Alumno modélico en una ‘grammar school’ (escuelas públicas para los mejores estudiantes), el jefe del Gobierno cursó sus estudios en la universidad de Leeds y posteriormente en Oxford, donde quedó cautivado por la defensa de los derechos humanos.
Coqueteó desde joven con las ramas más radicales del laborismo, llegando a proclamar en una entrevista de trabajo para un bufete de abogados que “la propiedad es un robo” (aunque luego reconoció que era una provocación).
Pese a todo, los más cercanos siempre han detectado en él una esencia de ‘patriota de pueblo’, un hombre de orden con apego por su país y sus tradiciones, alejado de la imagen de abogado elitista y cosmopolita con la que le retrata la derecha.
Jamás ha renunciado a los partidillos de fútbol con sus amigos ni a su abono en el estadio del Arsenal, que lo mantienen pegado a tierra.
Una personalidad indescifrable
Ni su biógrafo ni los periodistas que lo han seguido en los últimos años han conseguido descifrar del todo a Starmer.
Para empezar, suele ser muy reticente a hablar de su vida personal (poco se sabe de sus dos hijos) y de sus convicciones. No se le aprecian a simple vista la vocación y la autoestima que suelen acompañar a los políticos.
Sin embargo, ha demostrado ser implacable cuando lo ve necesario. Alcanzó en 2008 la jefatura de la Fiscalía tras haberse labrado una reputación como abogado de derechos humanos.

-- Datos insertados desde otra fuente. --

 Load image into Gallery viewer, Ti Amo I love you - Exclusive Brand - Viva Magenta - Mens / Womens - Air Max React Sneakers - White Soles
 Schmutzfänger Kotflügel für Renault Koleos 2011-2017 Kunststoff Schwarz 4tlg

Seis años más tarde abandonó el Ministerio Público para dar el salto a la política como candidato laborista y pronto llamó la atención de Corbyn, que lo incorporó a su equipo primero como portavoz de Inmigración y posteriormente del Brexit.
Tras la renuncia del líder por su derrota en 2019, Starmer se posicionó como candidato de unidad en las primarias y salió elegido para reconstruir el partido.
Desde ahí no le ha temblado la mano para purgar a Corbyn por su inacción contra el antisemitismo y laminar a todo el sector crítico.
El resultado a cuatro años de golpe de timón llegó hoy. Ahora le toca a Starmer navegar por unas aguas aún más procelosas que las de su partido.